*Exercise objective*
Apart from the images, the records below need to be copied exactly.

[Given information Boundary: Start]

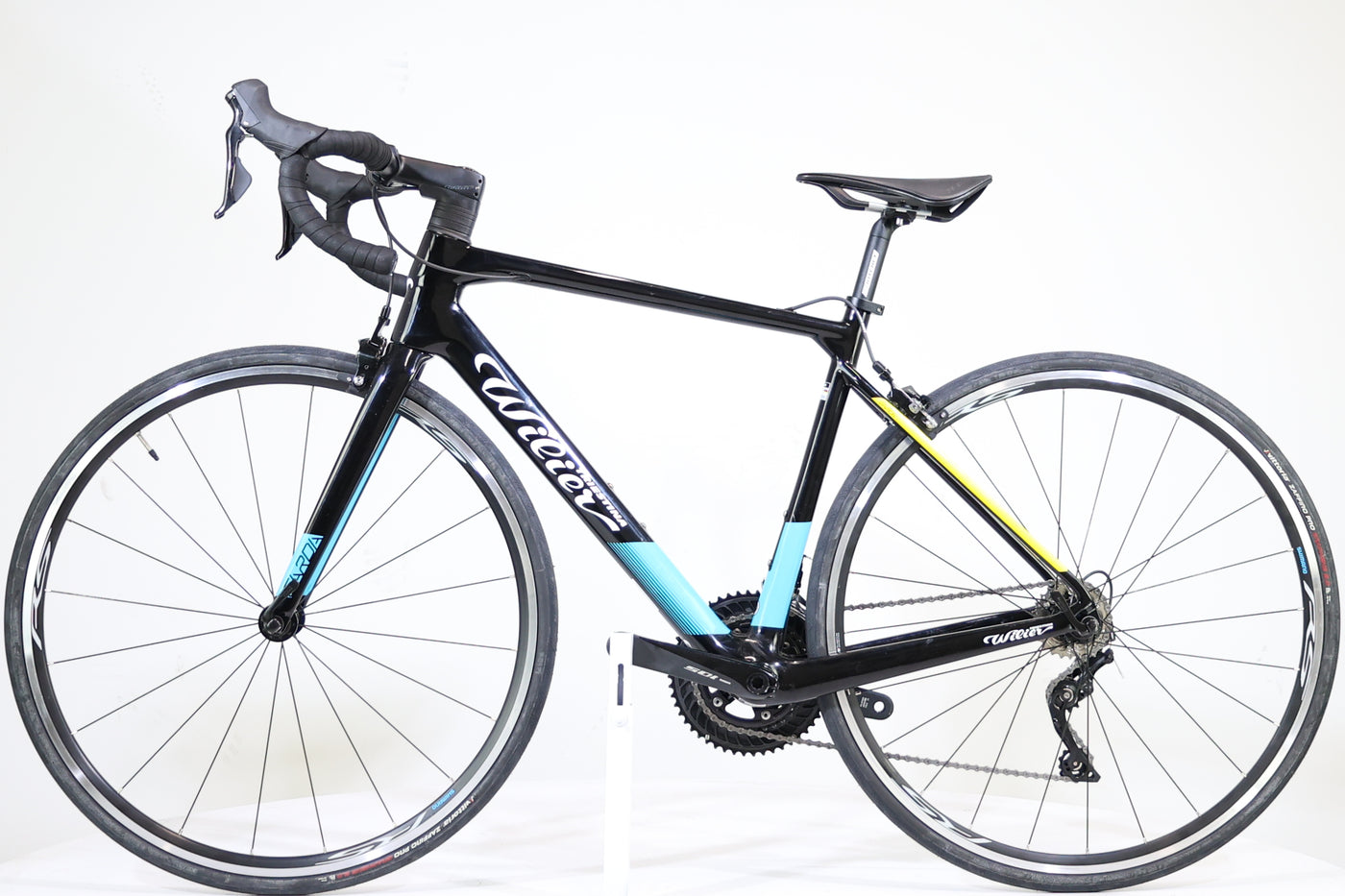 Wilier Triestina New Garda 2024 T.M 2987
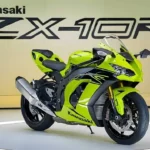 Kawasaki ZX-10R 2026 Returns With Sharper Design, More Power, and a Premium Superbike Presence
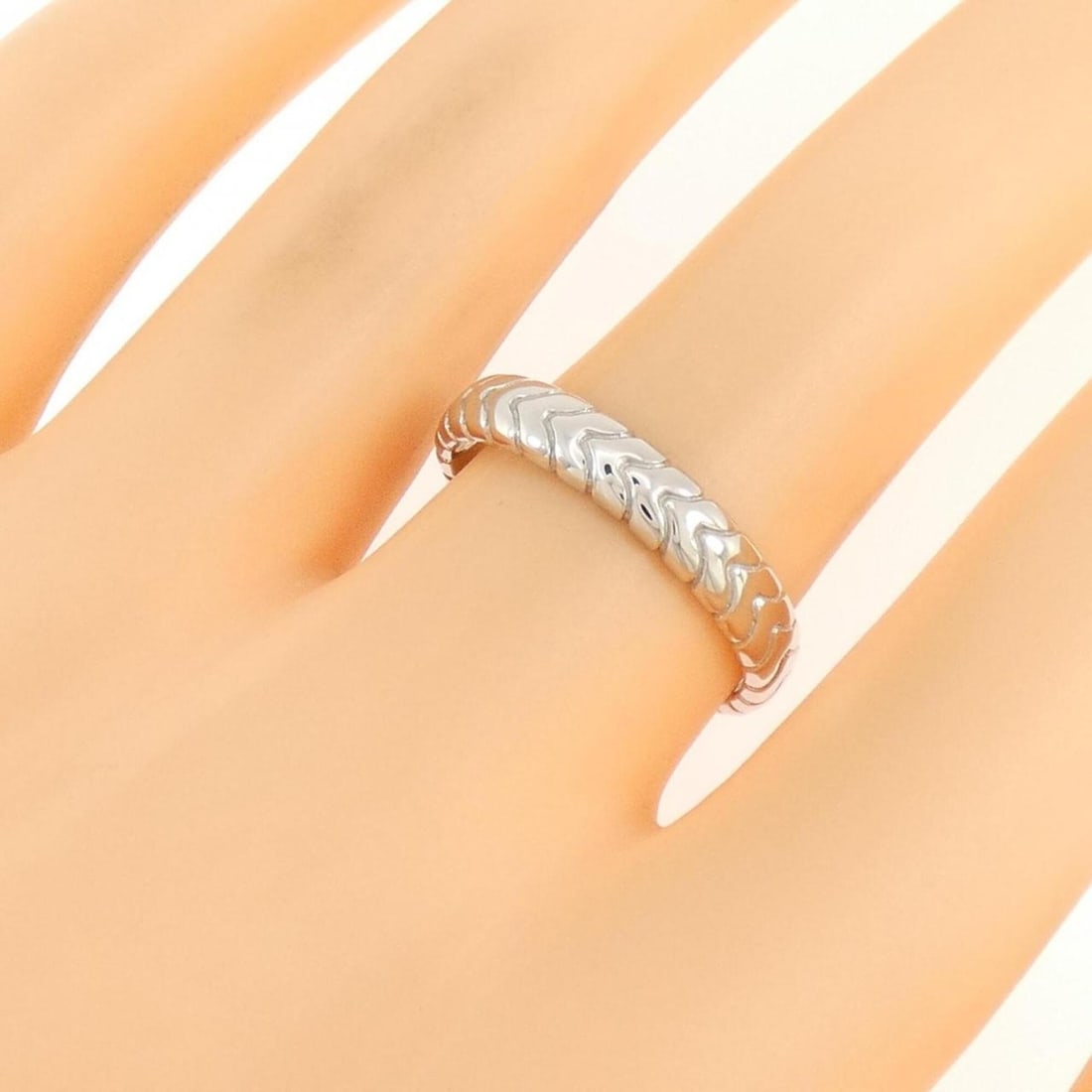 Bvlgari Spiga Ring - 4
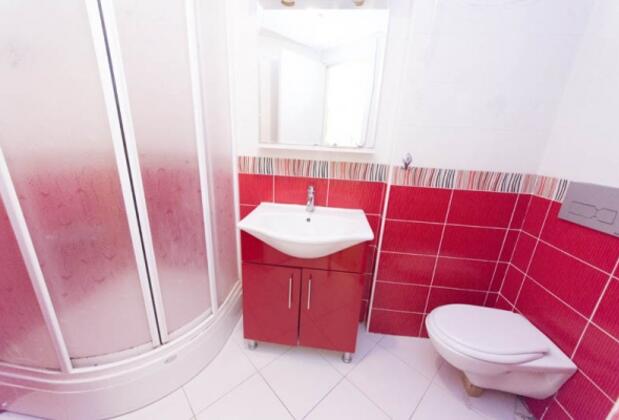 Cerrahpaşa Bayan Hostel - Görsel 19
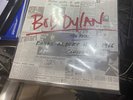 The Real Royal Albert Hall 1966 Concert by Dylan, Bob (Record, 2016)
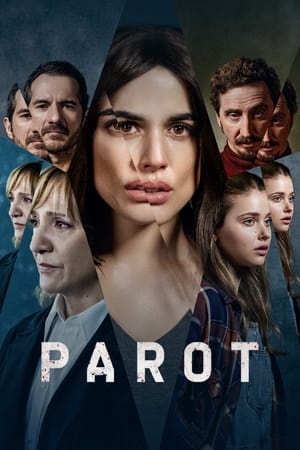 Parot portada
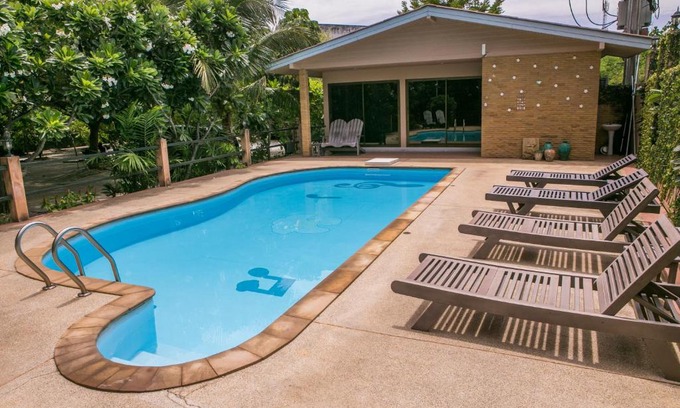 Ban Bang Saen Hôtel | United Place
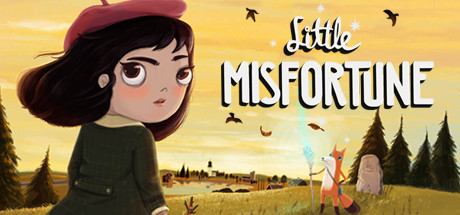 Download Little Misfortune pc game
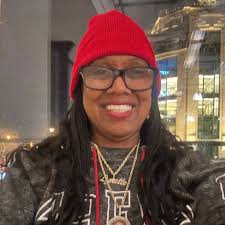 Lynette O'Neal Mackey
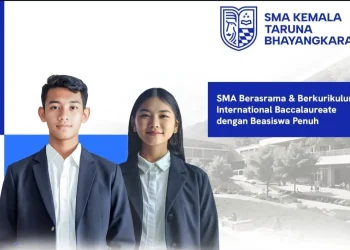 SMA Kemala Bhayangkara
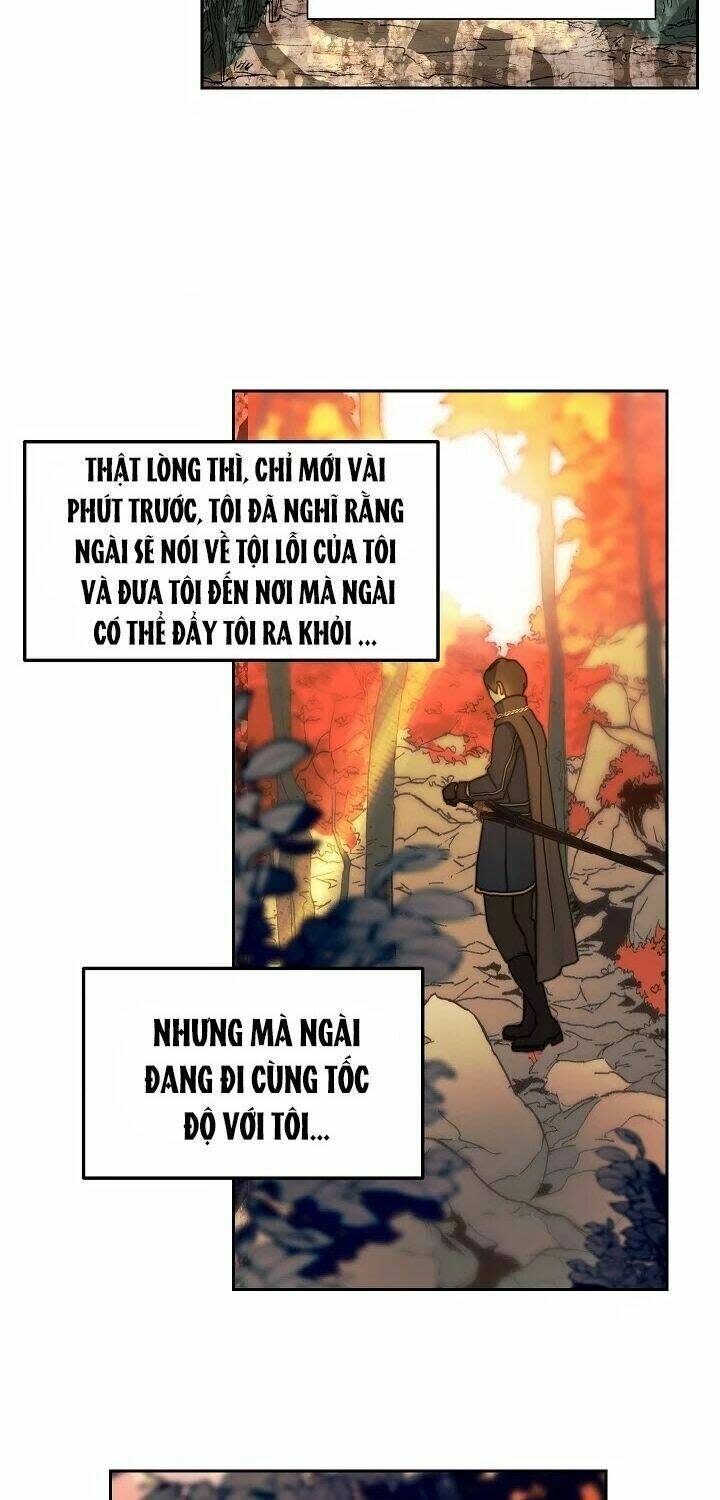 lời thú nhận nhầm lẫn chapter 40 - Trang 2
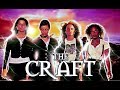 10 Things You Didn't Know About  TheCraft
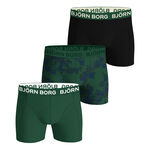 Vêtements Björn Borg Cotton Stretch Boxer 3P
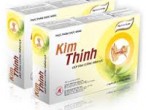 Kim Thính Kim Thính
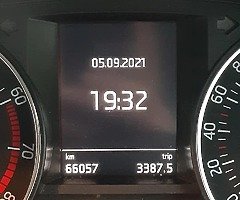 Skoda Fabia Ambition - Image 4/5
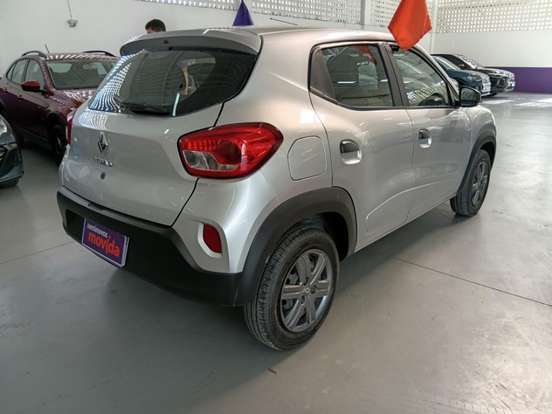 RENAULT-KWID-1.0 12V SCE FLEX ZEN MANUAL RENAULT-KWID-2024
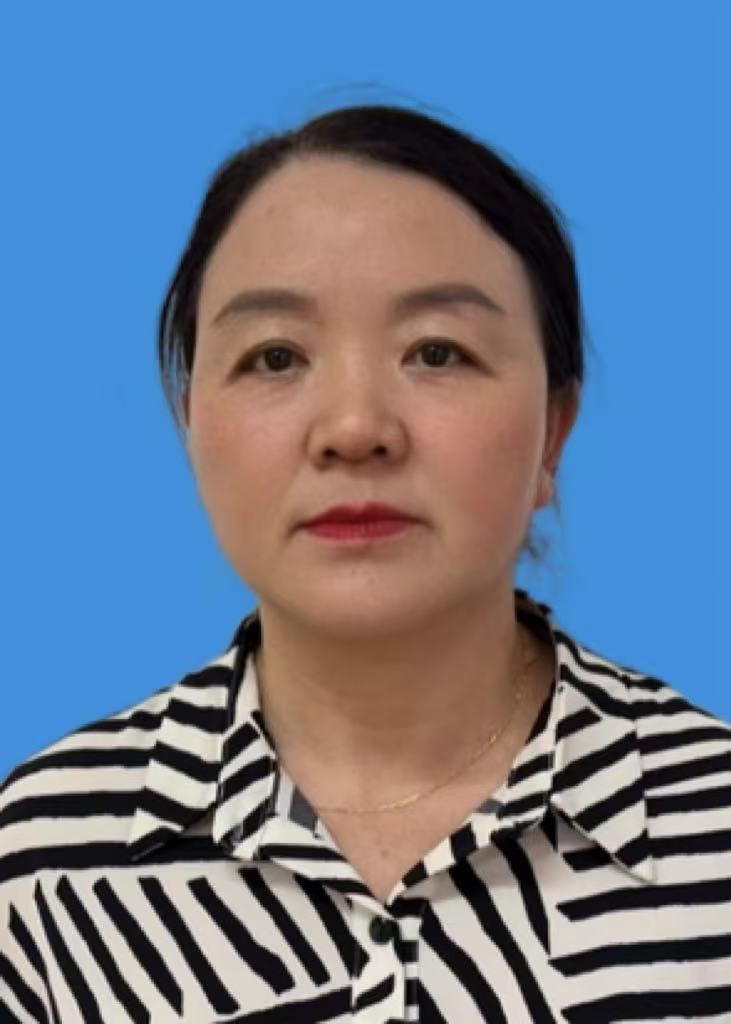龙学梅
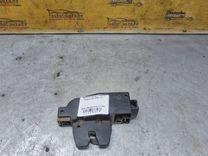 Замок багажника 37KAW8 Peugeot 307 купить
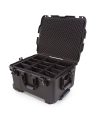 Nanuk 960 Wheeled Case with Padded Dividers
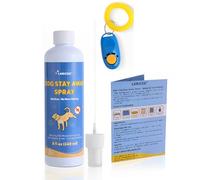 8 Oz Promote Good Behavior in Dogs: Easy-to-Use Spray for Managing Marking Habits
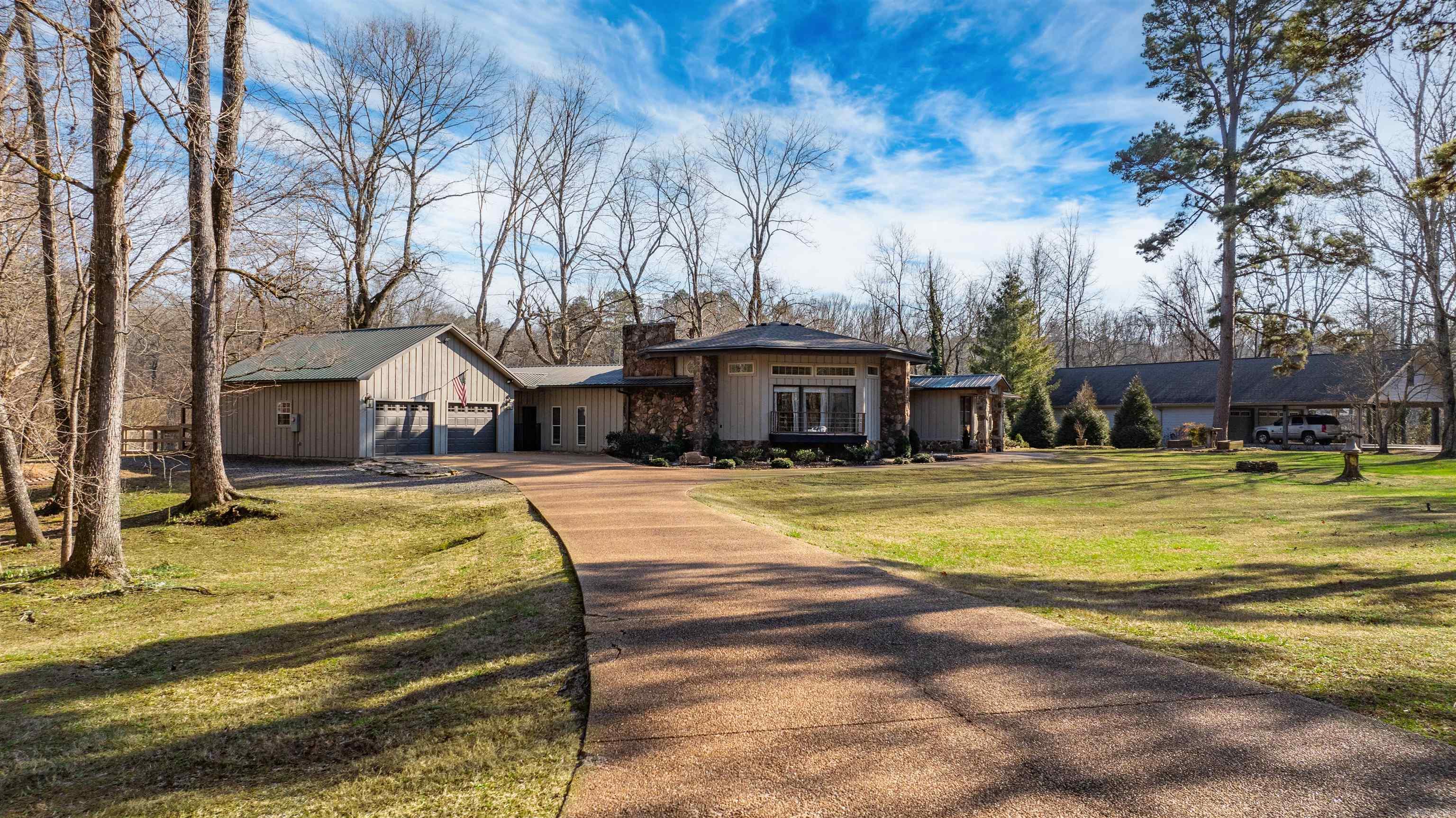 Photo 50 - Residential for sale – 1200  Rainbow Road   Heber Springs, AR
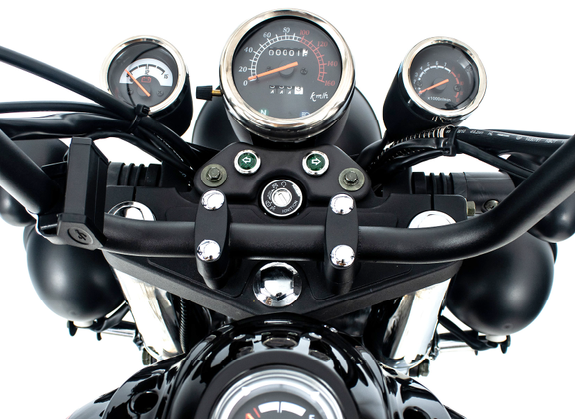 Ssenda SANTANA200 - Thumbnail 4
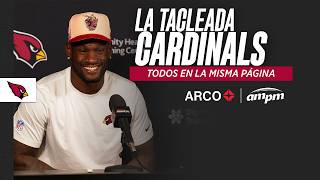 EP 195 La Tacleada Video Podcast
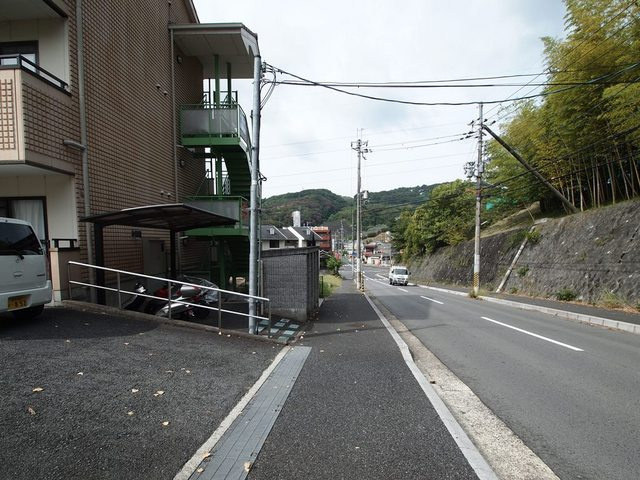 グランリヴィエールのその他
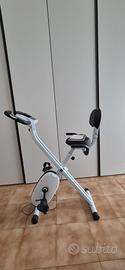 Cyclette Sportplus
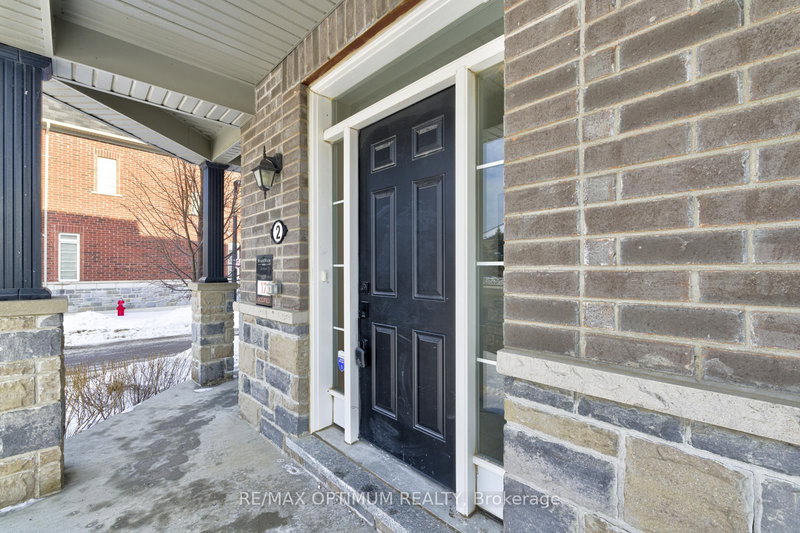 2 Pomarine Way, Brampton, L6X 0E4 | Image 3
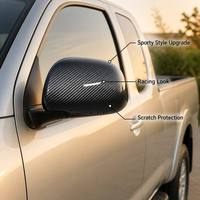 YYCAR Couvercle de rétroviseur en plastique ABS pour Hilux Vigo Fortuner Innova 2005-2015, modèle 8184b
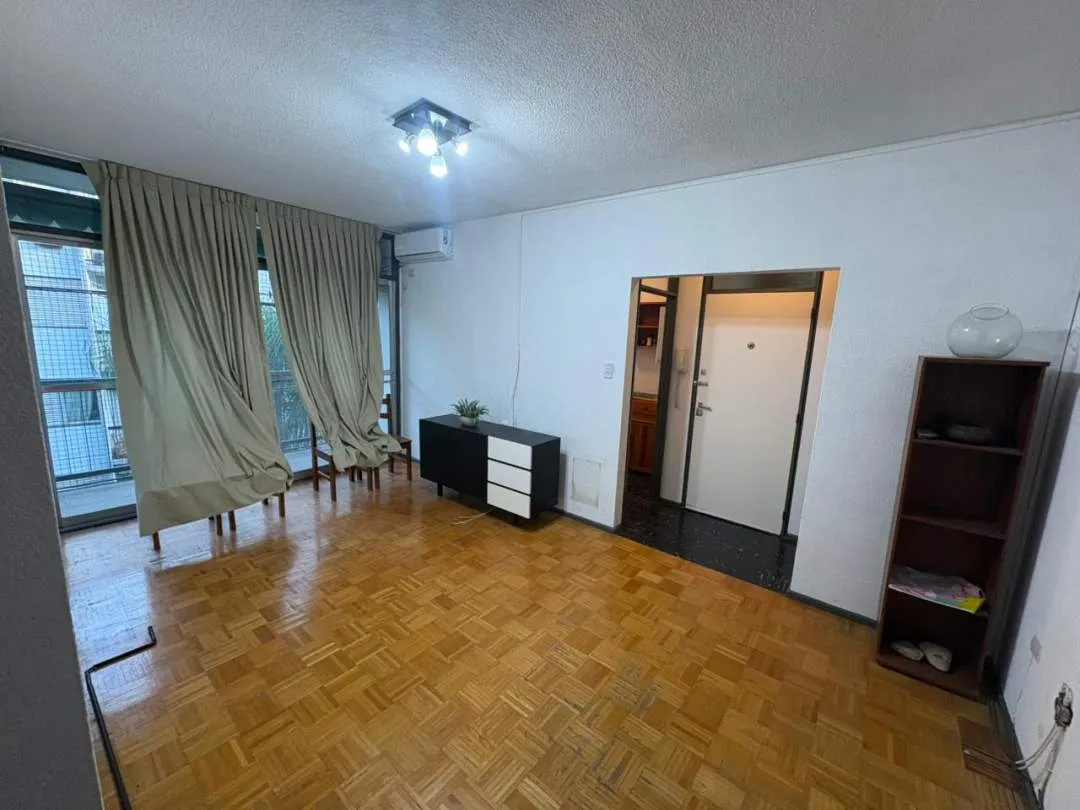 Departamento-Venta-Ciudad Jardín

[Given information Boundary: End]

*Solution for this exercise*
 Wilier Triestina New Garda 2024 T.M 2987
 Kawasaki ZX-10R 2026 Returns With Sharper Design, More Power, and a Premium Superbike Presence
 Bvlgari Spiga Ring - 4
 Cerrahpaşa Bayan Hostel - Görsel 19
 The Real Royal Albert Hall 1966 Concert by Dylan, Bob (Record, 2016)
 Parot portada
 Ban Bang Saen Hôtel | United Place
 Download Little Misfortune pc game
 Lynette O'Neal Mackey
 SMA Kemala Bhayangkara
 lời thú nhận nhầm lẫn chapter 40 - Trang 2
 10 Things You Didn't Know About  TheCraft
 Vêtements Björn Borg Cotton Stretch Boxer 3P
 Kim Thính Kim Thính
 Skoda Fabia Ambition - Image 4/5
 RENAULT-KWID-1.0 12V SCE FLEX ZEN MANUAL RENAULT-KWID-2024
龙学梅
 Замок багажника 37KAW8 Peugeot 307 купить
 Nanuk 960 Wheeled Case with Padded Dividers
 8 Oz Promote Good Behavior in Dogs: Easy-to-Use Spray for Managing Marking Habits
 Photo 50 - Residential for sale – 1200  Rainbow Road   Heber Springs, AR
 Ssenda SANTANA200 - Thumbnail 4
 EP 195 La Tacleada Video Podcast
 グランリヴィエールのその他
 Cyclette Sportplus
 2 Pomarine Way, Brampton, L6X 0E4 | Image 3
 YYCAR Couvercle de rétroviseur en plastique ABS pour Hilux Vigo Fortuner Innova 2005-2015, modèle 8184b
 Departamento-Venta-Ciudad Jardín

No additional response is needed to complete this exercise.